Let me put it to you this way: If you had reason to believe that you might only be taxed at a fraction of your normal tax rate on work that you did on, say, Thursdays, would you start doing more work on Thursdays and less on other days?
And sure enough, there's been talk of another tax holiday for offshore profits. Senator Ensign (R-NV), the architect of the previous tax holiday in 2004, tried to pass a 2008 tax holiday for offshore profits onto the economic stimulus bill. His amendment was defeated -- this time. But with rumblings of a son-of-stimulus package already being heard around Washington, Ensign may get a second shot.
The Center on Budget and Policy Priorities has this to say:
Senator Ensign’s proposed repatriation measure suffers from the same basic problem that plagues most other business tax breaks offered as stimulus measures: it would infuse cash into large, profitable corporations unlikely to spend it quickly, and so would have little effect in stimulating the economy in the near term. Evidence from the 2004 repatriation tax holiday confirms that such a provision is more likely to provide a windfall to shareholders than to promote substantial new U.S. investment.
In addition, the Ensign Amendment would not only be ineffective as stimulus, but would also create significant new problems for the economy and the tax system. A repeat of the 2004 tax holiday will lead firms to expect more tax holidays, with the unfortunate result that they will be more inclined to invest in tax havens and less inclined to reinvest earnings in the United States.
The data suggests that corporations are already behaving as if they expect more tax holidays for foreign profits. As has been frequently mentioned with regard to the "one-time" 30 billion dollar Bear Stearns bailout: a one-time government measure aimed at business is not simply a one-time measure, no matter how loud and forcefully government claims that the measure is only a one-off event. Businesses naturally come to expect that government will act similarly in the future as it has in the past.

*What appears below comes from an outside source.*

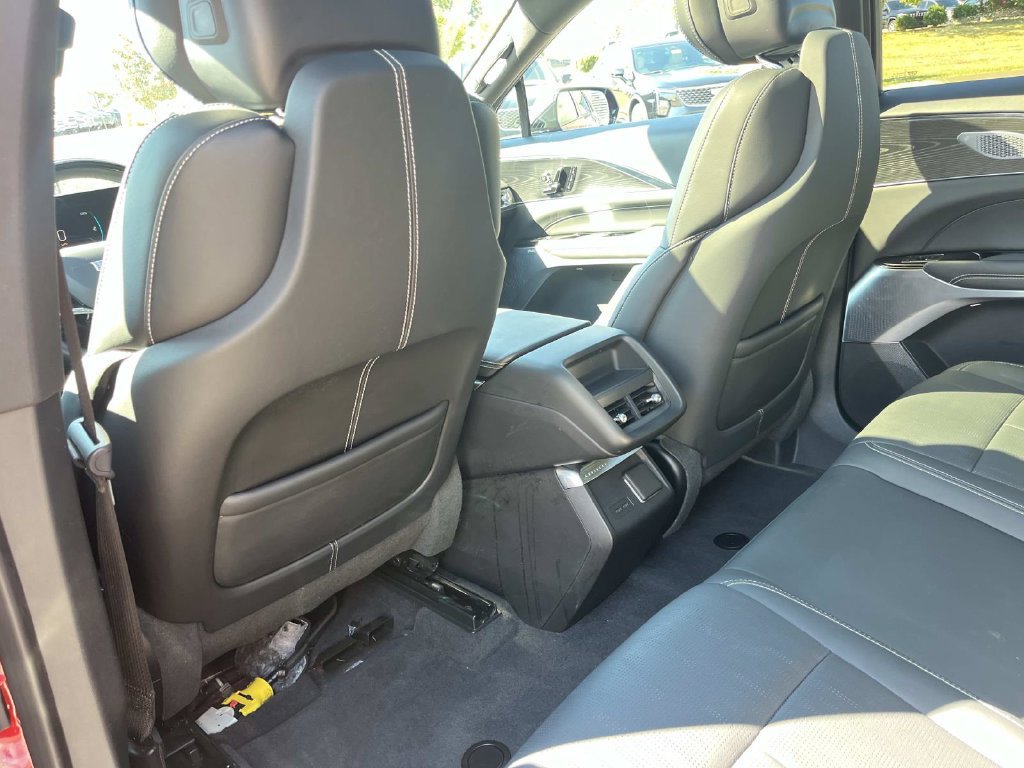 Used 2024 Cadillac Lyriq Luxury RWD image 19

If you're a stockholder of U.S. multinationals, profits made overseas are just about as good as profits made here in America. But overseas profits are not at all as good as domestic profits to the Federal Government, because, as you probably have guessed by now, corporate taxes are only assessed on the domestic profits of U.S. companies. Unless companies bring offshore profits home, they are not taxed by the Federal government. So that 17.4% decline in domestic profits over the past 5 quarters equates to a similar decline in corporate tax revenue, unless corporations repatriate their overseas profits. And why would they, when another tax holiday might be just around the corner?
So when government comes knocking on your door to make up the difference, you might want to thank Senator Ensign and his moral hazard.